But the question of how much work children should be doing outside of school remains controversial, and plenty of parents take issue with no-homework policies, worried their kids are losing a potential academic advantage. Here’s what you need to know:
For decades, the homework standard has been a “10-minute rule,” which recommends a daily maximum of 10 minutes of homework per grade level. Second graders, for example, should do about 20 minutes of homework each night. High school seniors should complete about two hours of homework each night. The National PTA and the National Education Association both support that guideline.
But some schools have begun to give their youngest students a break. A Massachusetts elementary school has announced a no-homework pilot program for the coming school year, lengthening the school day by two hours to provide more in-class instruction. “We really want kids to go home at 4 o’clock, tired. We want their brain to be tired,” Kelly Elementary School Principal Jackie Glasheen said in an interview with a local TV station. “We want them to enjoy their families. We want them to go to soccer practice or football practice, and we want them to go to bed. And that’s it.”

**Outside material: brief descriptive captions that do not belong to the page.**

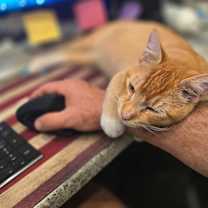 Thumbnail photo of Reggie #3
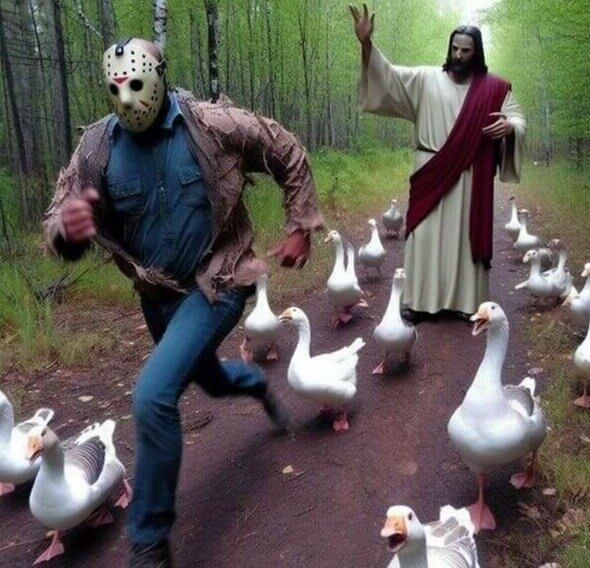 Trail Cam Footage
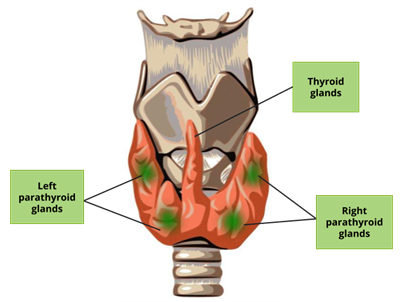 YC Editorial - Divya (20).png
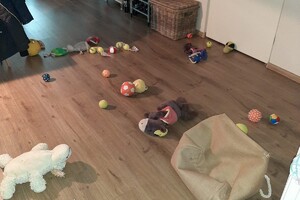 Soran Bart: ABC curcus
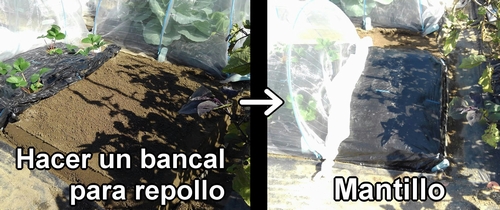 Crear un bancal para repollo (col repollo) de primavera y poner mantillo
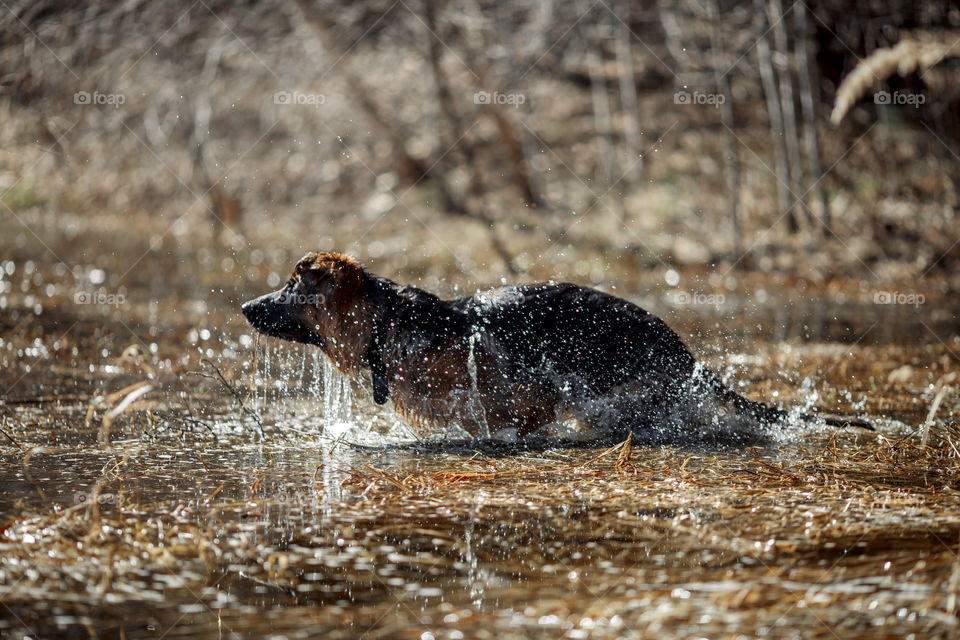 German shepherd dog outdoor have fun in a spring pond 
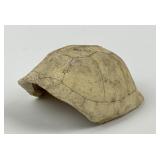 Turtle Shell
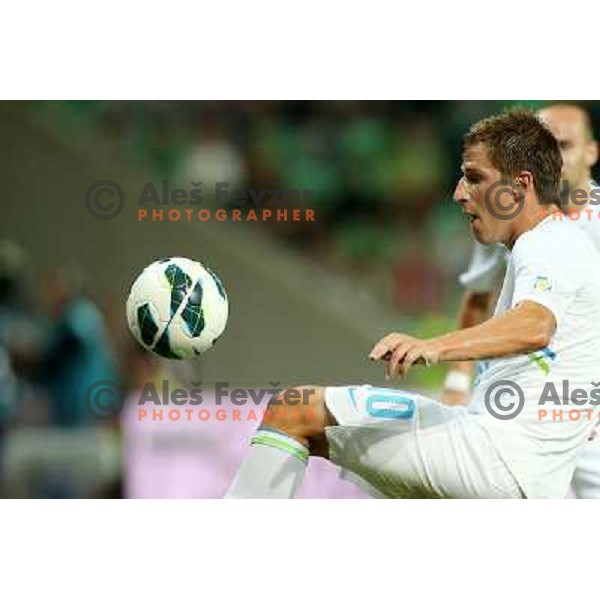Valter Birsa of Slovenia during football match Slovenia-Switzerland in group E in FIFA 2014 World Cup Brasil Qualifiers, played in Arena Stozice, Ljubljana, Slovenia on September 7, 2012 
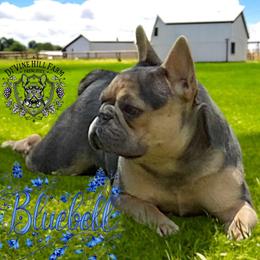 Bluebell - Blue female French Bulldog puppy in Cullman, Alabama from Divine Hill Farm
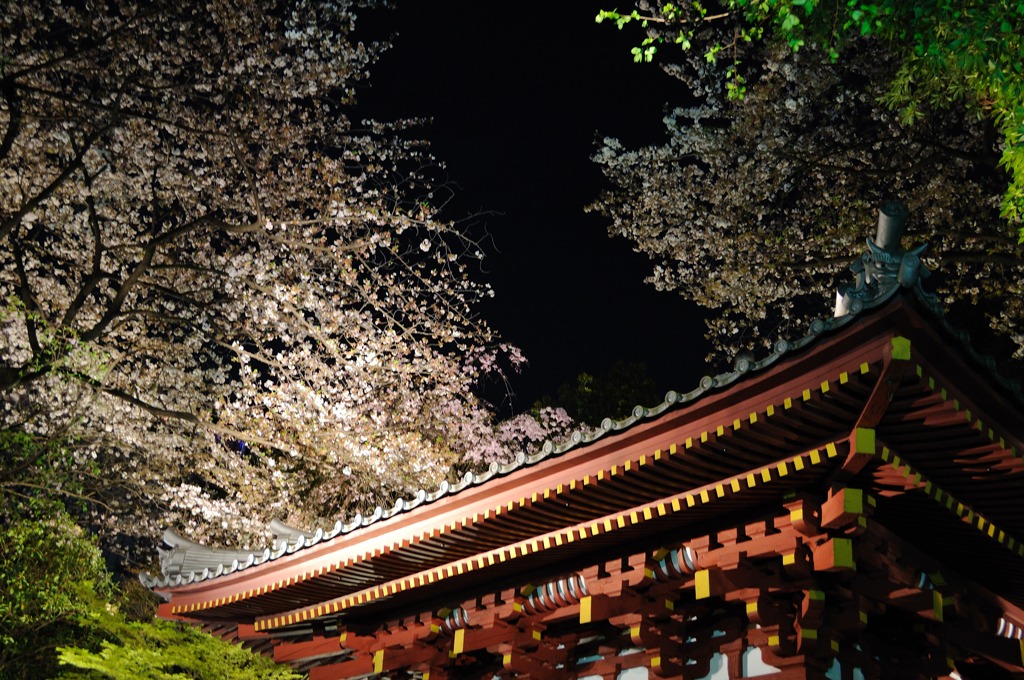 東京散歩-夜桜
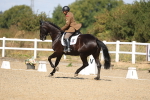 SBM_013641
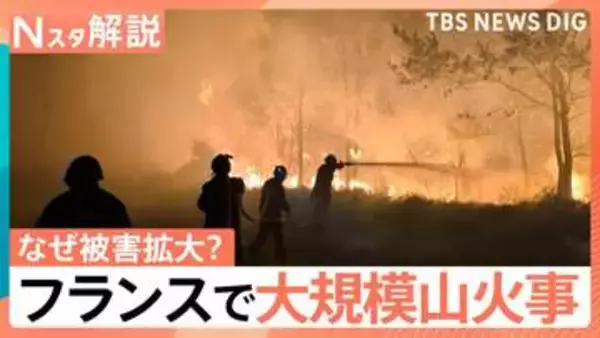 焼失面積は東京23区超え…フランスで猛威ふるう山火事　「高温×乾燥」が延焼の原因に？【Nスタ解説】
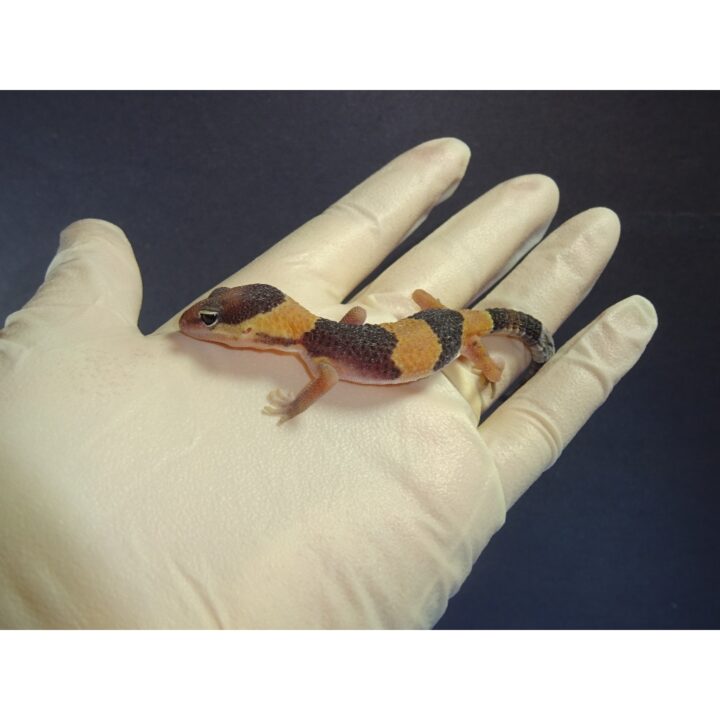 Fat Tail Gecko baby in hand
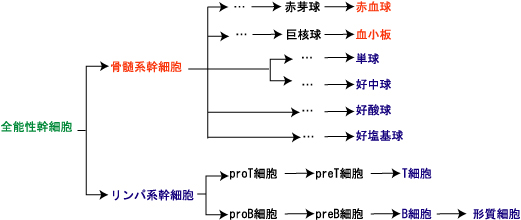 �����̕���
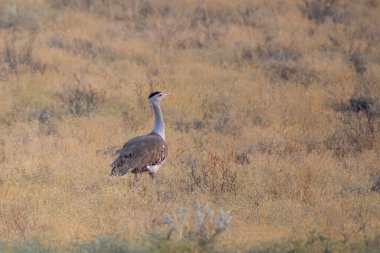 Hindistan 'ın başkenti Rajasthan' daki çöl parkında uçan kuşların en ağırları arasında büyük Hint bustard 'ı (Ardeotis nigriceps) veya Hint bustard' ı bulunur.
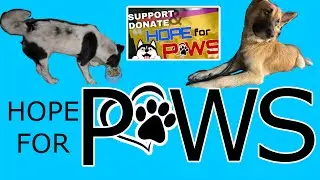 Stray dogs feeding program | HOPE FOR PAWS  #straydogfeeder  #dogfeedingprogram #hopeforpaws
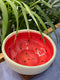 Watermelon Snack Bowl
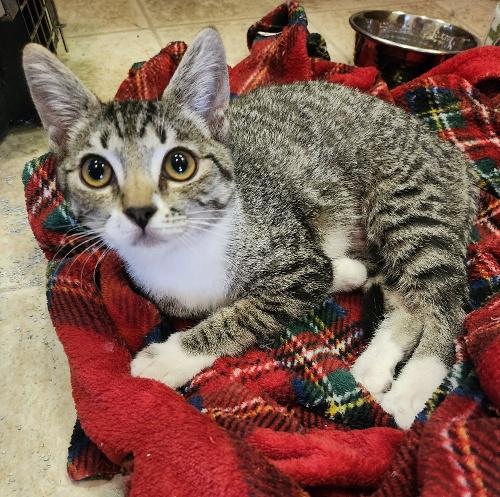 adoptable Cat in Parlier, CA named Kitten 26918 (Rihanna)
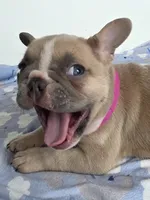 Latte, a female French Bulldog for sale in Raleigh, NC – 2 of 8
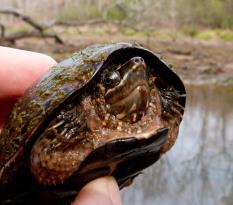 Lentic water sources with vegetation Eastern Musk Turtle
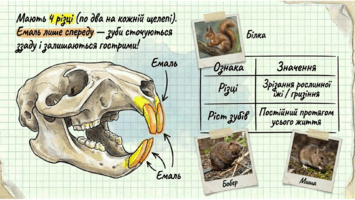 0901qzy7-3344-355x200.png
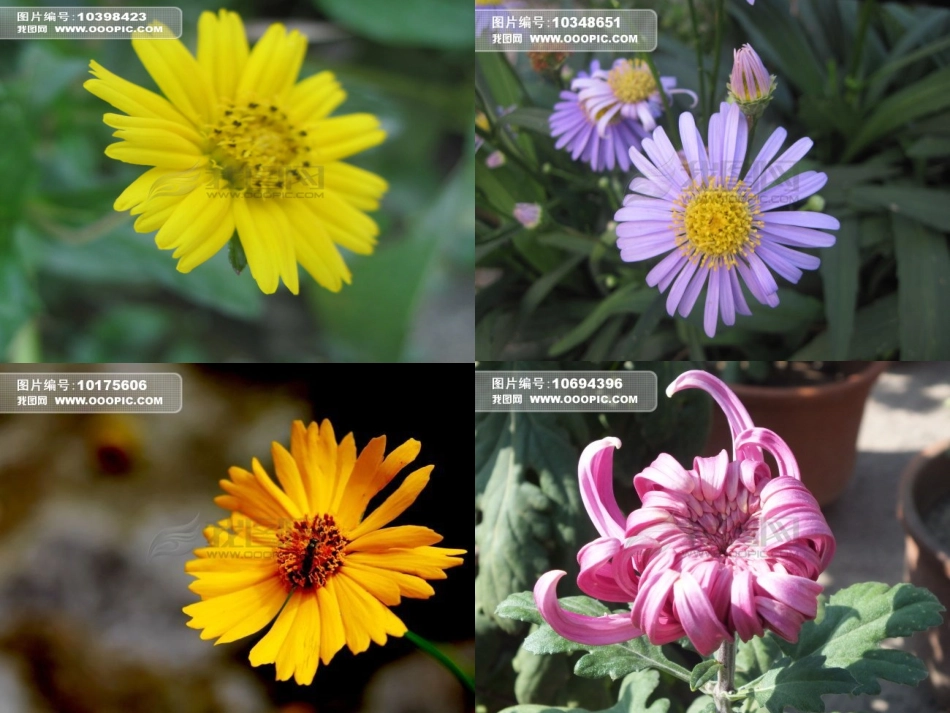 初中一年级思想品德课件_第2页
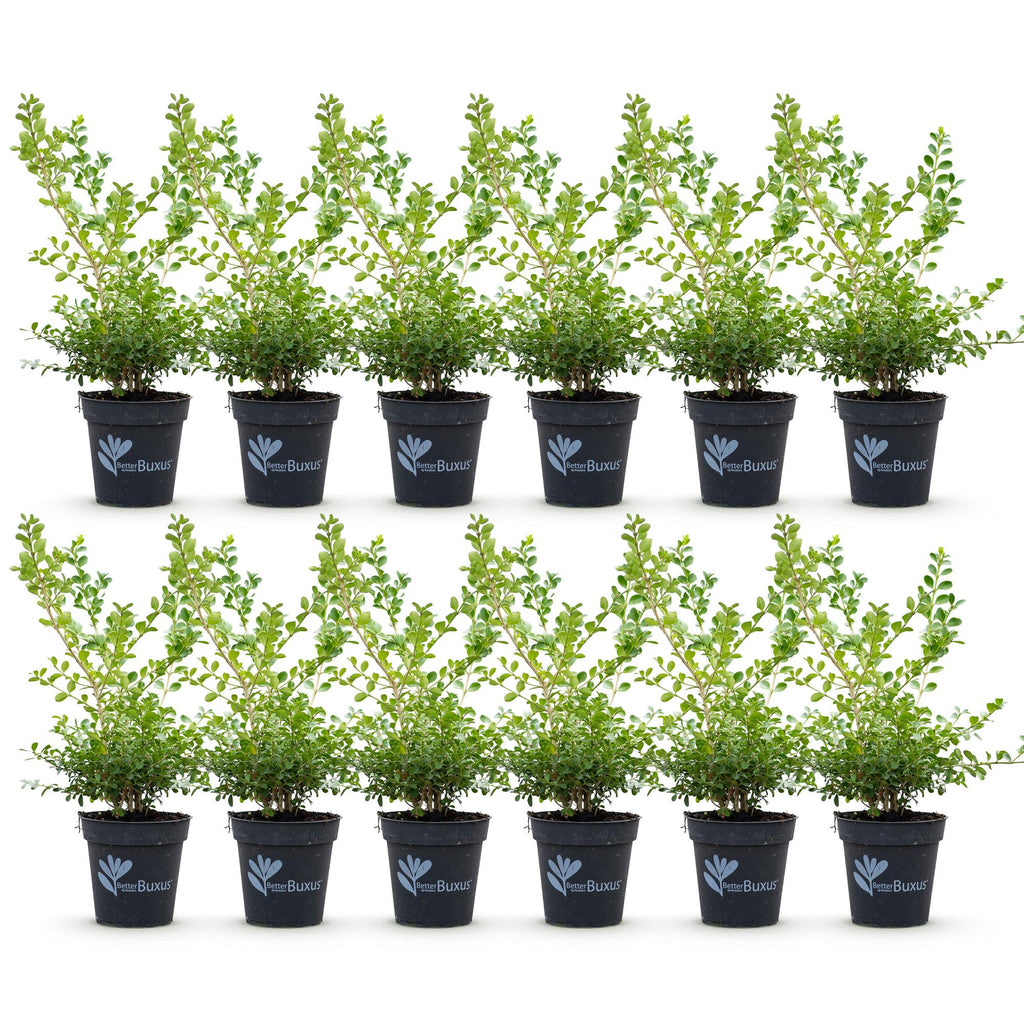 Buxus Haag - BetterBuxus Babylon Beauty - Resistant tegen de Buxus schimmel - 12 planten - 2 strekkende meter - pot 13cm hoogte 30-35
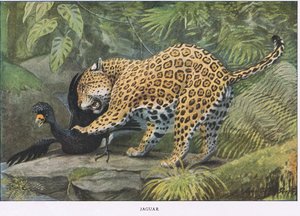 ジャガー 作： Louis Agassiz Fuertes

A New York City public elementary school implemented a similar policy last year, eliminating traditional homework assignments in favor of family time. The change was quickly met with outrage from some parents, though it earned support from other education leaders.
New solutions and approaches to homework differ by community, and these local debates are complicated by the fact that even education experts disagree about what’s best for kids.
The most comprehensive research on homework to date comes from a 2006 meta-analysis by Duke University psychology professor Harris Cooper, who found evidence of a positive correlation between homework and student achievement, meaning students who did homework performed better in school. The correlation was stronger for older students—in seventh through 12th grade—than for those in younger grades, for whom there was a weak relationship between homework and performance.
Cooper’s analysis focused on how homework impacts academic achievement—test scores, for example. His report noted that homework is also thought to improve study habits, attitudes toward school, self-discipline, inquisitiveness and independent problem solving skills. On the other hand, some studies he examined showed that homework can cause physical and emotional fatigue, fuel negative attitudes about learning and limit leisure time for children. At the end of his analysis, Cooper recommended further study of such potential effects of homework.
Despite the weak correlation between homework and performance for young children, Cooper argues that a small amount of homework is useful for all students. Second-graders should not be doing two hours of homework each night, he said, but they also shouldn’t be doing no homework.
Not all education experts agree entirely with Cooper’s assessment.
Cathy Vatterott, an education professor at the University of Missouri-St. Louis, supports the “10-minute rule” as a maximum, but she thinks there is not sufficient proof that homework is helpful for students in elementary school.
“Correlation is not causation,” she said. “Does homework cause achievement, or do high achievers do more homework?”
Vatterott, the author of Rethinking Homework: Best Practices That Support Diverse Needs, thinks there should be more emphasis on improving the quality of homework tasks, and she supports efforts to eliminate homework for younger kids.
“I have no concerns about students not starting homework until fourth grade or fifth grade,” she said, noting that while the debate over homework will undoubtedly continue, she has noticed a trend toward limiting, if not eliminating, homework in elementary school.
The issue has been debated for decades. A TIME cover in 1999 read: “Too much homework! How it’s hurting our kids, and what parents should do about it.” The accompanying story noted that the launch of Sputnik in 1957 led to a push for better math and science education in the U.S. The ensuing pressure to be competitive on a global scale, plus the increasingly demanding college admissions process, fueled the practice of assigning homework.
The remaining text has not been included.